Updated 25 Feb, 2021 08:25am

Pakistan’s unexpected dilemma: too much electricity

KARACHI: After suffering decades of electricity shortages that left families and businesses in the dark, Pakistan finds itself with a new problem: more electricity generating capacity than it needs.

Large-scale construction of new power plants — largely coal-fired ones funded by China — has dramatically boosted the country’s energy capacity.

“It’s true. We are producing much more than we need,” Special Assistant to Prime Minister (SAPM) on Power Tabish Gauhar said.

But even as supply surges, electricity is still not reaching up to 50 million people in Pakistan who need it, according to a 2018 World Bank report, though expansion of transmission lines is planned.

Power outages also remain common, with a transmission problem just last month leaving many major cities in the dark.

Excess fossil fuel energy capacity also is boosting electricity costs — and raising questions about whether the country will now manage to achieve its climate change goals, with scientists saying coal needs to rapidly disappear from the world’s energy mix to prevent the worst impacts of climate change.

Renewables aim?

Last year, Prime Minister Imran Khan promised that Pakistan by 2030 would produce 60 per cent of its electricity from renewable sources.

Currently the country gets 64pc of its electricity from fossil fuels, with another 27pc from hydro­­power, 5pc from nuclear power and just 4pc from renewables such as solar and wind, Mr Gauhar said.

The country has already scrapped plans for two Chinese-funded coal plants — but another seven commissioned as part of the sweeping China-Pakistan Econo­mic Corridor (CPEC) project have gone ahead, and are expected to add up to 6,600 megawatts of capacity to the grid.

China has also funded new renewable energy but at a smaller scale, with six wind farms set to generate just under 400MW, a 100MW solar project and four hydropower plants expected to produce 3,400MW by 2027.

Vaqar Zakaria, the head of environmental consultancy firm Hagler Bailly Pakistan, said the country’s coal-heavy power expansion was in line with its own former national aims.

“I think blaming the Chinese may not entirely be fair as setting up projects on local and imported coal was our country policy and priority,” he said.

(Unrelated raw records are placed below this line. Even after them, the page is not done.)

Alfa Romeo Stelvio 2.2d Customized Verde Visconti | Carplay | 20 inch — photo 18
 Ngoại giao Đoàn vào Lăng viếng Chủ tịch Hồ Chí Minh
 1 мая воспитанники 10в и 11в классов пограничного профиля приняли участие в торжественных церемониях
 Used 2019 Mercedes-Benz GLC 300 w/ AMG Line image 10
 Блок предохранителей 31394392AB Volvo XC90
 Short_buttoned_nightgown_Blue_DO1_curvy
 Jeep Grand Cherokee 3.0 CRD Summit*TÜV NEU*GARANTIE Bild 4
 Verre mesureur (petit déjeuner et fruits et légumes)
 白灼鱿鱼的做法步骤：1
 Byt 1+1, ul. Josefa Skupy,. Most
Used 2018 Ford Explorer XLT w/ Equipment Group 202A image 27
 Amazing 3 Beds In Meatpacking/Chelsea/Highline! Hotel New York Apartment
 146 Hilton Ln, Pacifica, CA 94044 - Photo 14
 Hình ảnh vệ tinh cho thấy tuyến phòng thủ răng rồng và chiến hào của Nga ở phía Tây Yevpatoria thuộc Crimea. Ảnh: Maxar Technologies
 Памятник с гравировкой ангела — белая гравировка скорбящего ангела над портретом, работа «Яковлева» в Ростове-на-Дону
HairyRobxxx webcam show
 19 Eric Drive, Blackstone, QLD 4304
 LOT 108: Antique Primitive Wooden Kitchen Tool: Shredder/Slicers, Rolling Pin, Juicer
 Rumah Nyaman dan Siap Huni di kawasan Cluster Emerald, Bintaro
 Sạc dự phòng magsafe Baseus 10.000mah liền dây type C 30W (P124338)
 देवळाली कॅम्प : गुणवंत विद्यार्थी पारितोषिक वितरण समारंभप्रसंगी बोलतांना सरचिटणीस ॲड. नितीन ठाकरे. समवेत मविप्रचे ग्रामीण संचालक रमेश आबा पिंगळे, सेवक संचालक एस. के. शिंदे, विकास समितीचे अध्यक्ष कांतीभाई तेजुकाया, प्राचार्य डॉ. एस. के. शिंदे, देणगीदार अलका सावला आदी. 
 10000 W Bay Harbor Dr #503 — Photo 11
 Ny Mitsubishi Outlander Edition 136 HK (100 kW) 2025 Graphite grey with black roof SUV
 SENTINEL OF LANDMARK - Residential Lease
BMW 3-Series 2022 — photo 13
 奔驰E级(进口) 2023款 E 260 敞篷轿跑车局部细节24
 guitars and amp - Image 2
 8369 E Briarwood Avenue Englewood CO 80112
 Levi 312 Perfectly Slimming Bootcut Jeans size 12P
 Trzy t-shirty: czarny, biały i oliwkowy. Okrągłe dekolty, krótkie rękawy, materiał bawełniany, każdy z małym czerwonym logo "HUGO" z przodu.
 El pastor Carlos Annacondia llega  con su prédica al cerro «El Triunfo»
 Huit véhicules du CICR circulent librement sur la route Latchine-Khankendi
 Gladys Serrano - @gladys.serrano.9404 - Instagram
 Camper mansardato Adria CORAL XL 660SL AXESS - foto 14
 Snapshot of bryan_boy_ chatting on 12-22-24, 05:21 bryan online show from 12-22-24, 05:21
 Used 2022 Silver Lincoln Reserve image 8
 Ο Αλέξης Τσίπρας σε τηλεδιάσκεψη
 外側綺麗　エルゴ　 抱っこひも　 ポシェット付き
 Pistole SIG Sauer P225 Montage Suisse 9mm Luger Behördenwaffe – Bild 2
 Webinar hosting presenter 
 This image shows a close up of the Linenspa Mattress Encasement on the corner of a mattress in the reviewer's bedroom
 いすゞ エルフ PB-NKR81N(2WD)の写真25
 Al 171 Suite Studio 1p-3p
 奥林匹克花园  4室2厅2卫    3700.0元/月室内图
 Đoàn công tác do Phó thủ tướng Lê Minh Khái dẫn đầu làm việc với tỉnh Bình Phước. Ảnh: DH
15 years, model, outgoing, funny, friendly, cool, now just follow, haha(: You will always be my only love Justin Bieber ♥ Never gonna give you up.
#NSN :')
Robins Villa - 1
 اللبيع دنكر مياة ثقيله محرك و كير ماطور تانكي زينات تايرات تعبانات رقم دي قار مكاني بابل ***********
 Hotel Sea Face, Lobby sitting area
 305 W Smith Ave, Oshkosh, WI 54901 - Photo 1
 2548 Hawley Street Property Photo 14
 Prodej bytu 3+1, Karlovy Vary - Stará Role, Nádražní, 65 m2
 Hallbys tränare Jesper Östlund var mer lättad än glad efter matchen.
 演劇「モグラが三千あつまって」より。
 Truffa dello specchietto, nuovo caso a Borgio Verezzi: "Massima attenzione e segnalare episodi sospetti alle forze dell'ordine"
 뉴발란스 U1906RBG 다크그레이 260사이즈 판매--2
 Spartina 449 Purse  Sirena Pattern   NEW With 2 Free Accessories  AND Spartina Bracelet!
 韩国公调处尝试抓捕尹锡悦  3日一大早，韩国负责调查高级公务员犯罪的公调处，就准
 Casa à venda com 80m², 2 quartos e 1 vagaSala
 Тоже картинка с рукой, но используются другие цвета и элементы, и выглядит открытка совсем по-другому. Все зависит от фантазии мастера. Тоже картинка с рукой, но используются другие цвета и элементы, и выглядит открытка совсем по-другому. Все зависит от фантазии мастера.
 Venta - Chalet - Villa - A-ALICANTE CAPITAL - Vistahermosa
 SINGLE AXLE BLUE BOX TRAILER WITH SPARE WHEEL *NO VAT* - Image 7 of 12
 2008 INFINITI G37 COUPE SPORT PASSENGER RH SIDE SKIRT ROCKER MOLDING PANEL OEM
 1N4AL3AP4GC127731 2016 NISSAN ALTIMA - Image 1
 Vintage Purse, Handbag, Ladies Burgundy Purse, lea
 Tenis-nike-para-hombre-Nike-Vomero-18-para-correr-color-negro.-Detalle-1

Officials at the Chinese embassy in Islamabad did not respond to calls and email asking for comment.

As new largely coal-fired plants come online, Pakistan is expected by 2023 to have 50pc more power capacity than currently needed.

Because the government must repay loans taken to build the plants and has signed contracts to buy their power, the overcapacity is producing costs “the government has to pay to the power producers under binding contracts, regardless of actual need”, Mr Gauhar said.

“Our fixed-capacity charges have gone through the roof,” he added. Those costs currently stand at Rs850 billion a year, but will rise to almost Rs1.45 trillion a year by 2023 as new largely coal-fired power plants still being built come online, he said.

That is driving up rates consumers pay for power — 30pc in the last two years, Mr Gauhar said — a problem likely to continue unless Pakistan can find more buyers for its new generating capacity, such as by boosting manufacturing or pushing use of electric vehicles.

The government plans to decommission some older fossil fuel plants to cut overcapacity, he said — but it also pushing ahead to add new wind, solar and hydropower capacity to the grid to meet its climate goals.

The government is holding talks to renegotiate tariff rates with the independent power producers, including fossil fuel, hydro, wind and solar companies, he said.

Whether it will seek similar rate renegotiations on Chinese-funded plants still in the pipeline, or longer debt repayment periods, remains unclear.

Gaining power

When electricity projects now in the pipeline are completed in the next few years, Pakistan will have about 38,000MW of capacity, Mr Gauhar said.

But its current summertime peak demand is 25,000MW, with electricity use falling to 12,000MW in the winter, he said.

Saadia Qayyum, an energy specialist with the World Bank, said energy overproduction was a better problem to have than undersupply as it allowed for growth — but the country needed new ways to use the electricity.